MATHEMATICS

Corresponding Member of the Academy of Sciences of the USSR Yu. V. LINNIK

COMPLEX VARIABLES IN PROBLEMS WITH NUISANCE PARAMETERS AND FINITE-RANK SUFFICIENT STATISTICS

In a note \((^1)\) I indicated the application of analytic continuation with respect to a parameter for the investigation of the Behrens–Fisher problem in its simplest form.* It is also stated there that the introduction of complex variables has a rather broad range of applications in statistical problems of hypothesis testing and interval estimation in the presence of nuisance parameters. Here we shall outline several problems that can be successfully studied by the indicated method.

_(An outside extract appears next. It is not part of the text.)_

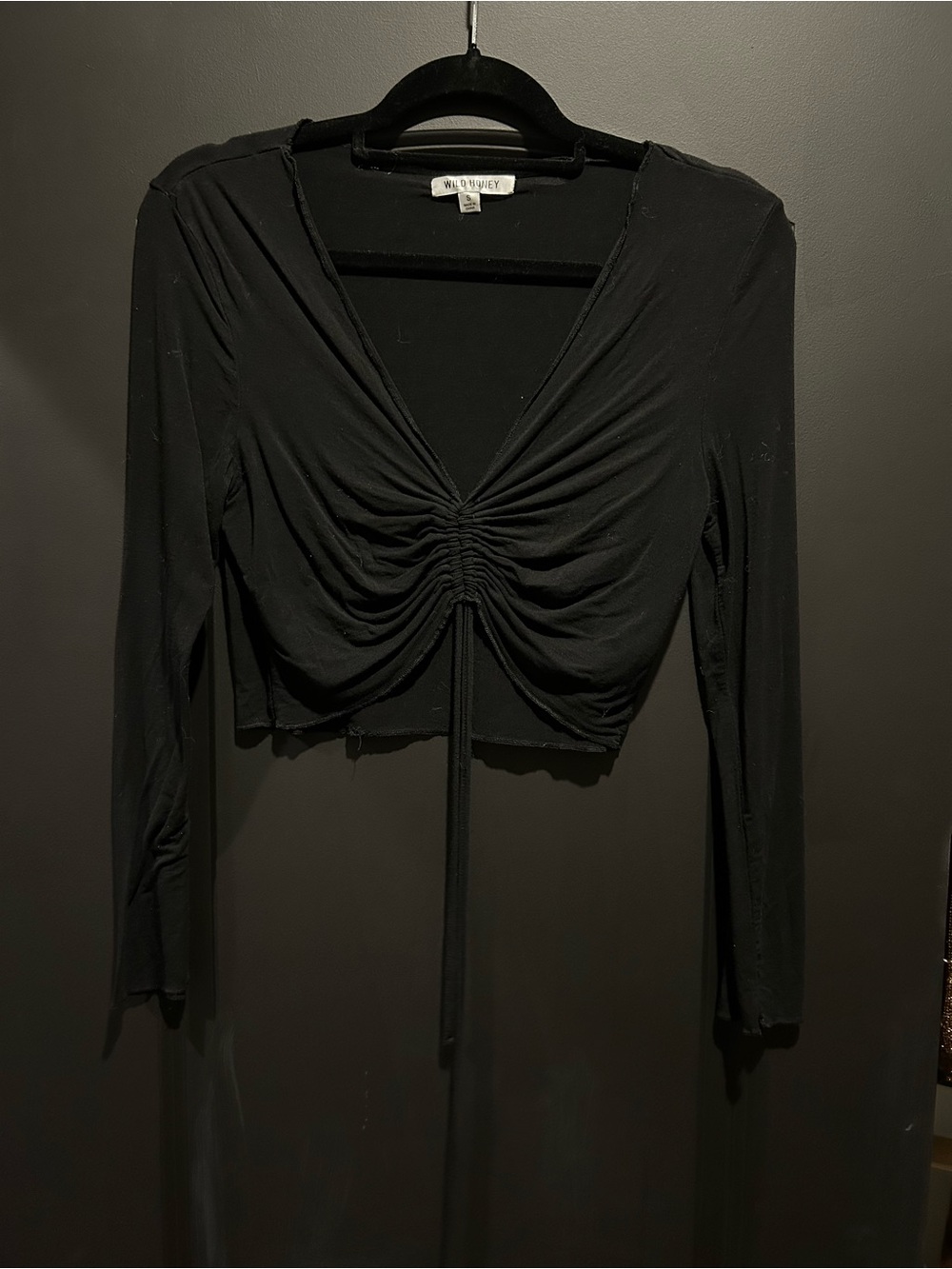 Wilfred Black Long-Sleeve Ruched Tie-Front Crop Top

The simplest objects for the application of such a method will be systems consisting of a finite number \(r\) of independent repeated samples \(O_1, O_2, \ldots, O_r\), of respective sizes \(n_1, n_2, \ldots, n_r\). The sample \(O_i\) consists of \(n_i\) observations \(x_{i1}, x_{i2}, \ldots, x_{in_i}\) of a one-dimensional random variable having probability density, with respect to the measure \(\mu_i(x)\), equal to \(p_i(x,\theta_{i1}, \ldots, \theta_{ik_i})\). Here \(\theta_{i1}, \ldots, \theta_{i,k_i}\) are \(k_i\) scalar parameters varying independently in a \(k_i\)-dimensional parallelepiped of Euclidean space \(E_{k_i}\). Thus, the distributions of \(x_{il}\) are dominated by the measure \(\mu_i(x)\) for all admissible values of the parameters \(\theta_{ik}\).

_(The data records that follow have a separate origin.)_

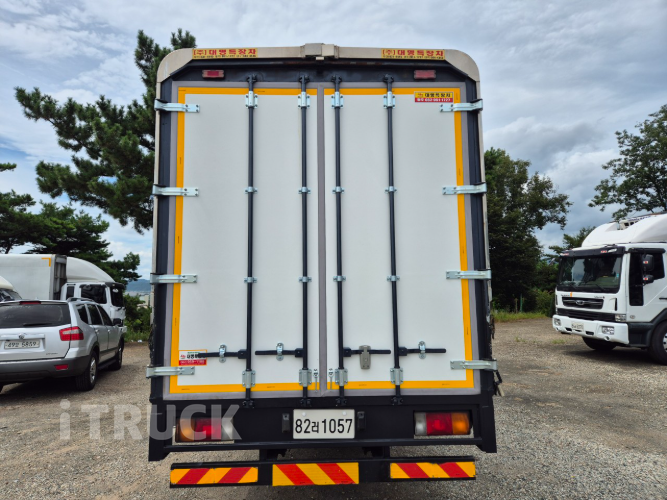 현대 메가트럭 260 앞축 윙바디 4.5톤 수동 3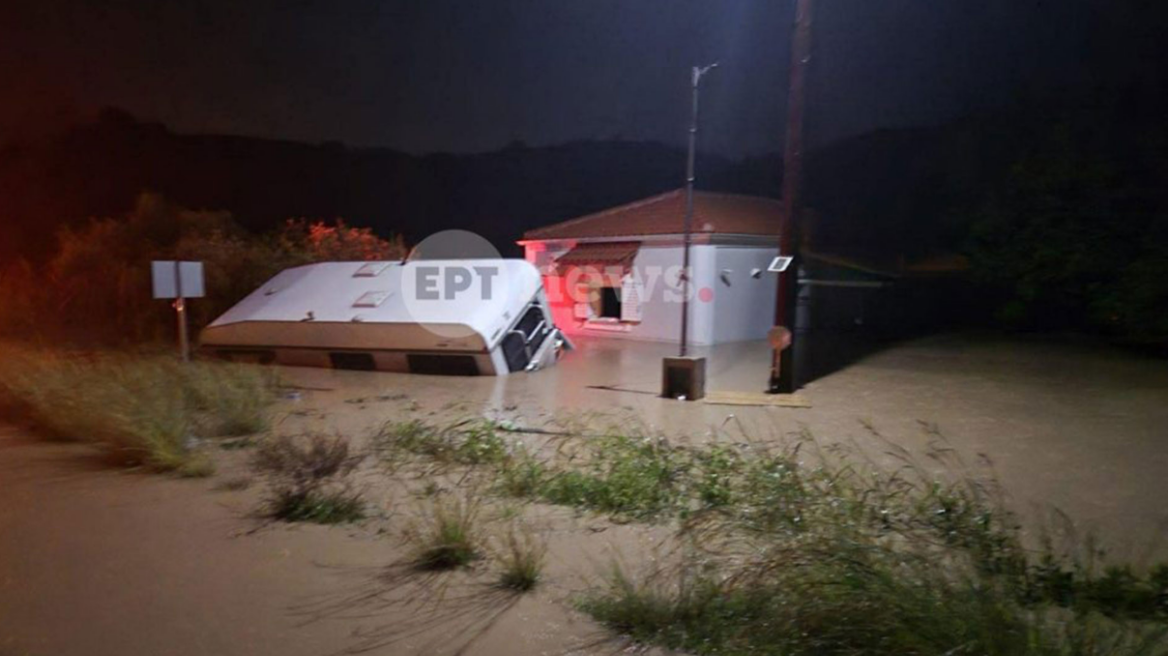 Κακοκαιρία Byron: Κινδύνευσαν τουρίστες και κάτοικοι από υπερχείλιση ποταμού στη Φοινικούντα
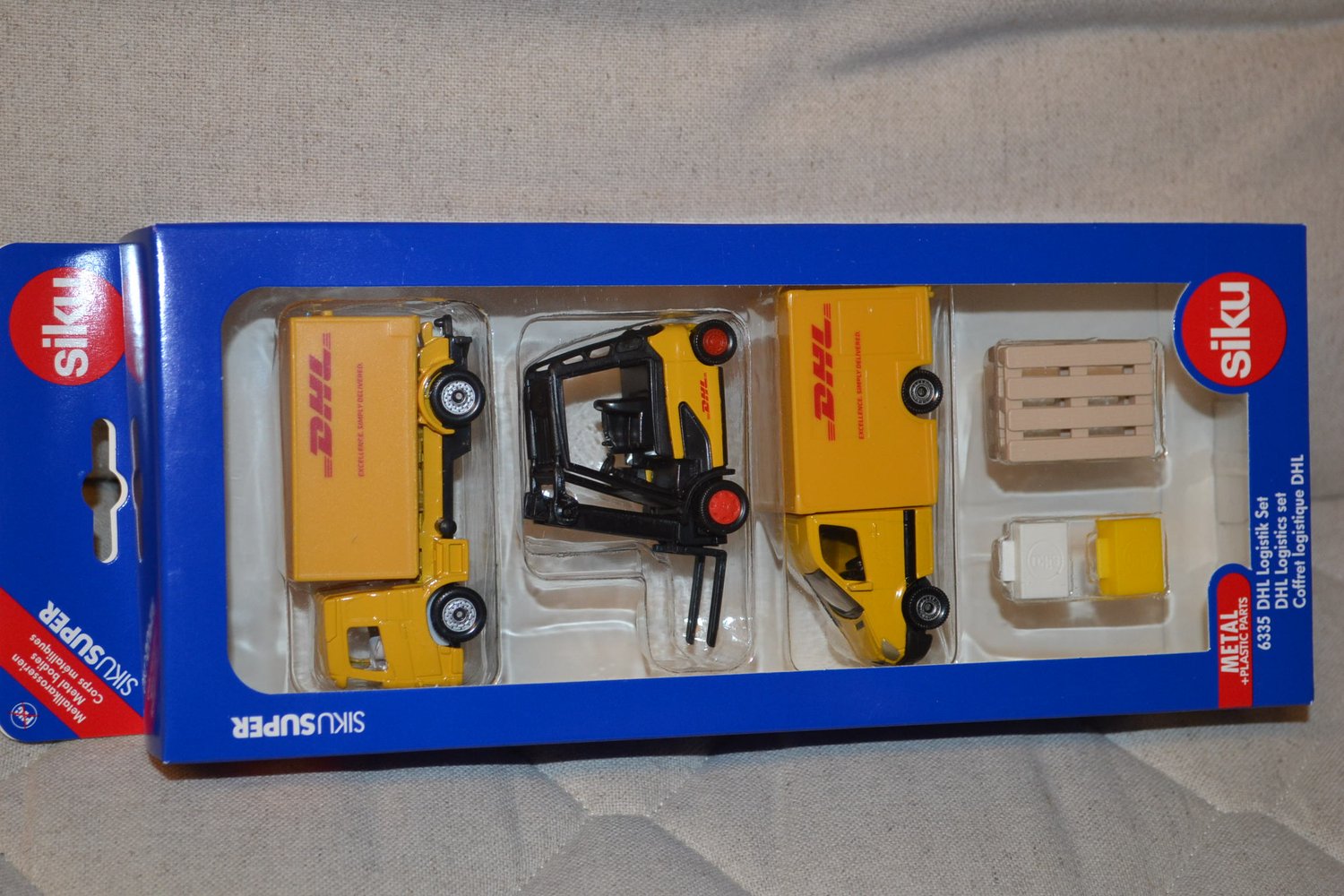 DHL Logistik Set 3st Fordon & Tillbehör Siku 6335 7cm Ny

Next, suppose that the family of densities \(p_i(x,\theta_{i1}, \ldots, \theta_{ik_i})\) admits a system of scalar sufficient statistics of bounded rank for the parameters \(\theta_{i1}, \ldots, \theta_{ik_i}\), and that this rank does not depend on the sample size \(n_i\). In this case, as is known, under fairly general conditions \((^{2-4})\) the densities \(p_i(x,\theta_{i1}, \ldots, \theta_{ik_i})\) form an exponential family.** The totality of observations of all our samples will have density

\[ p(X,\theta)=\exp\left(C_0(\theta)+\sum_{i=1}^{r}\sum_{j=1}^{k_i} V_{ij}\theta_{ij}\right), \tag{1} \]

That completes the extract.